ガラクトース・ムタロターゼ・プロモーターにより発現誘導されるEGFPタンパク質の発現ベクターを製造するために、大腸菌およびラクトバチルス・カゼイから複製可能なRepEを複製原点(replication origin)として有するベクターにラクトバチルス・カゼイ由来のガラクトース・ムタロターゼ・プロモーターを挿入した後、前記プロモーターのダウンストリームにバチルス(Bacillus subtilis var.Chungkookjang)由来の表面発現母体であるpgsAを導入し、pgsAのカルボキシ末端に目的遺伝子を挿入し得るBamHI、XbaIの制限酵素サイトを追加してガラクトース・ムタロターゼ・プロモーターを含むpKV-Pgm-pgsAベクターを製造した。
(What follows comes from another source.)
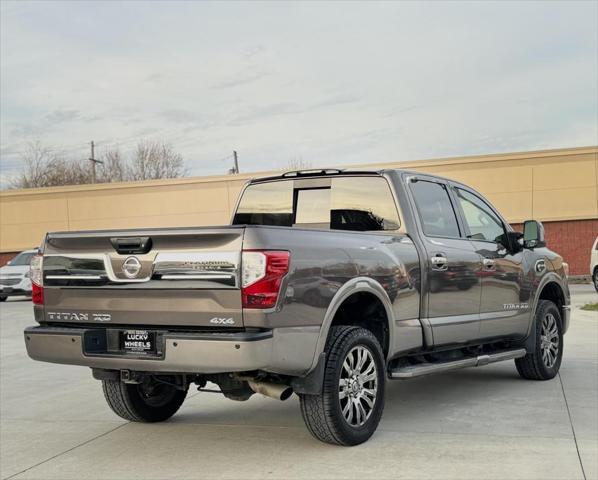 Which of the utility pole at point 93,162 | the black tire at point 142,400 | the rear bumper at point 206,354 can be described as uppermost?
the utility pole at point 93,162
前記pgsA遺伝子としては、大韓民国特許登録第0469800号に開示されているものを用いた。
【0052】
EGFP遺伝子は、合成EGFP遺伝子断片を鋳型として用い、かつ、配列番号4と配列番号5をプライマーとして用いてポリメラーゼ連鎖反応(PCR)を行った後に得た。
【0053】
配列番号4:
5’-TGGTGGATCCGTGAGCAAGGGCGAGGAGCTG-3’
5’-TGGTGGATCCGTGAGCAAGGGCGAGGAGCTG-3’
【0054】
配列番号5:
5’-TGACTCTAGAACTAGTGTCGACGGTACCTTACTTGTACAGCTCGTCC-3’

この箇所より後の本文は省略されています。